In a Google Plus post, Alan Cox, of linux kernel fame, announced a new Unix V like operating system for the zilog z80 architecture. He’s been on a z80 kick the past couple of years, even getting into hardware board design. For those interested, he has has a git repo.
Seems the repo address have some trailing characters that makes it give a erroneous 404.
it’s “Zilog”, not “Ziloc” (in the post, the headline is correct)
This might be useful if we had a modern out-of-order superscalar version of the Z80, with 64-bit address extensions. That would be a screamer.

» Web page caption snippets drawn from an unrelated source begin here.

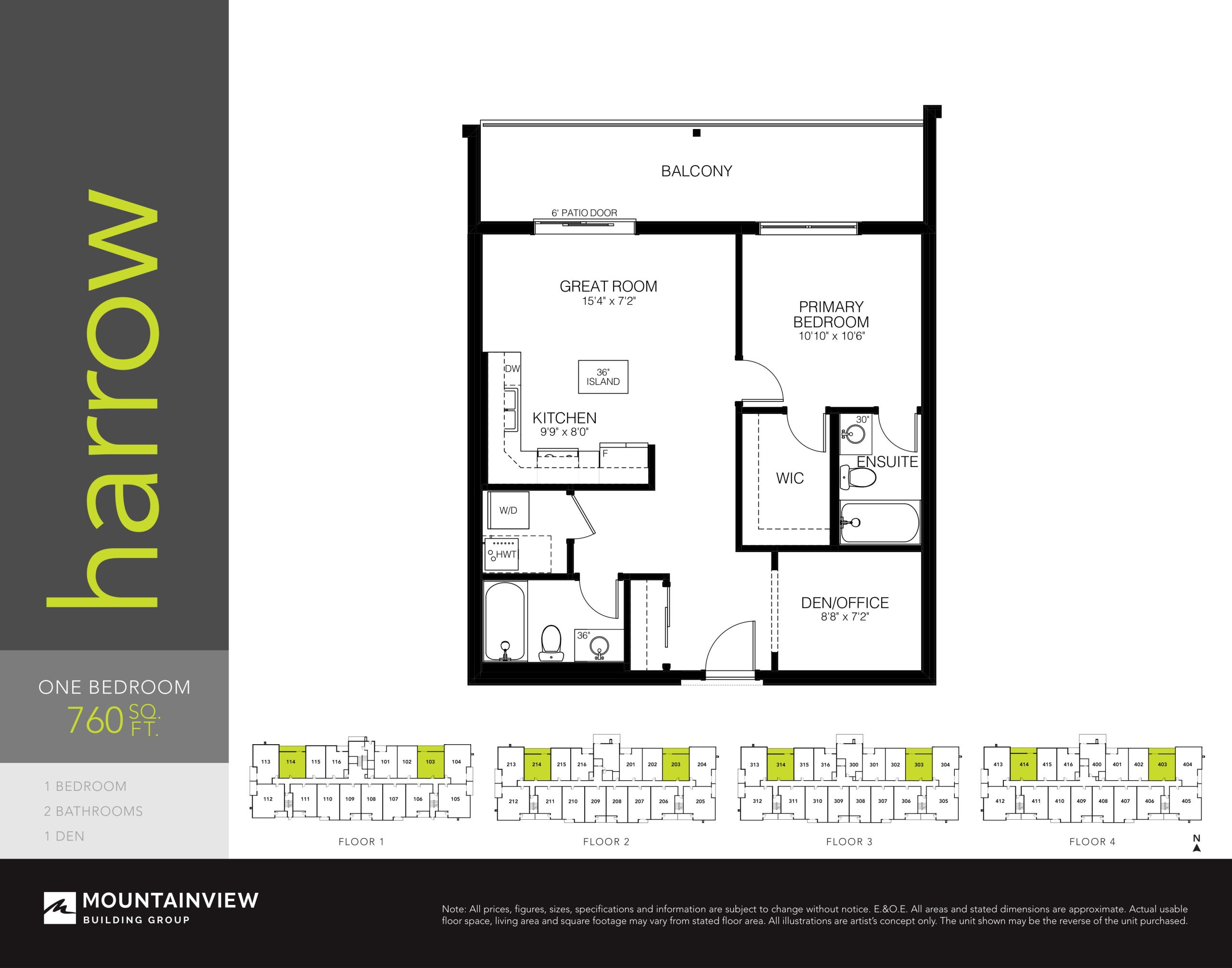 Harrow floor plan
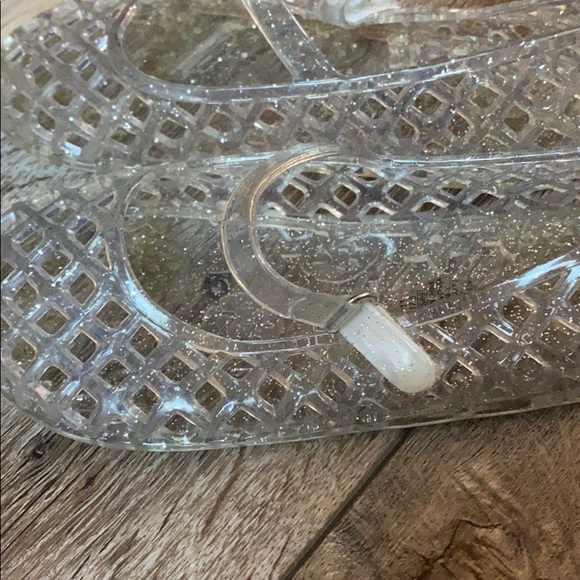 Girls Jelly Style Clear Shoe Sandals Size 11 - Picture 3 of 4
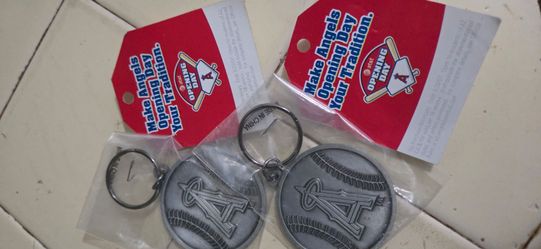 2007 Angels opening day medallions
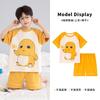 100% Cotton Boys Pajama Set Short Sleeve Cartoon Print Sleepwear Kids Ages 8 Lightweight Home Wear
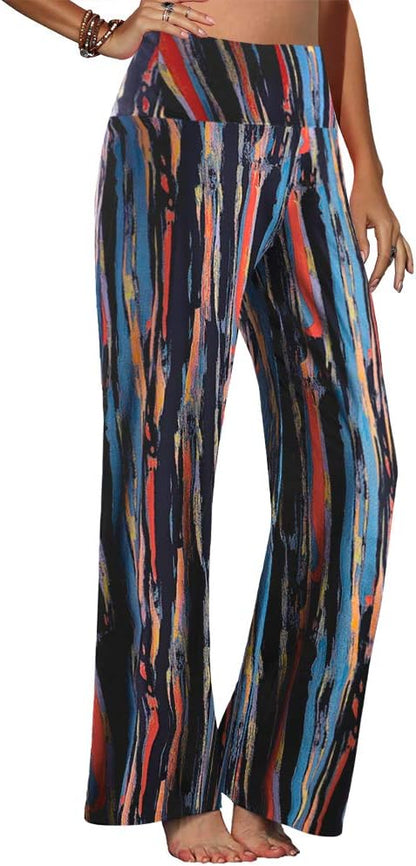 Arolina Women's Stretchy Wide Leg Palazzo Lounge Pants Casual Comfy High Waist Palazzo Pants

We do. It’s called a Core i7…
In a way, yes, although it’s not as though you can run Z80 code on a Core i7. On the other hand, if we had a JIT emulator, (and perhaps QEMU does this), then we’re all set there. But then again, why not run this on the bare metal?
But why would you want to? The Z80 is an almost 40 year old 8-bit ISA with no MMU, a chip that sold for $5 US in its prime. It barely qualifies as a CPU, its intended market was actually as a micro-controller for printers and whatnot.
That isn’t meant to belittle it, its absolutely amazing how much was done with this cheap little piece of silicon. All I am saying is this Fuzix thing is designed specifically to target such extremely low-end limited CPUs such as the Z80.
The main appeal of the Z80 was its price, its extremely low integration costs (built in RAM refresh, single power rail, single-phase clock, etc.), not its performance or its ISA (although it had some admittedly clever bits there too).
Just saying wanting a beefier platform to run Fuzix on is kind of missing the point – it exist for no other reason than to run on absolutely minimal hardware while keeping a more or less Unix like software interface.
A modern OOO SS 64-bit CPU can just run Linux or BSD…
“Science, bitch!”
http://www.osnews.com/comments/25758
Kochise
Ha. I’m willing to bet that Fuzix can boot to a command prompt in slightly under 2 hours…
My favorite quote from that article:
What, he wants to run a modern OS on an 8bit machine? That’s NetBSD territory!
Anyway, it lacks MMU so that takes a lot of the fun out of it.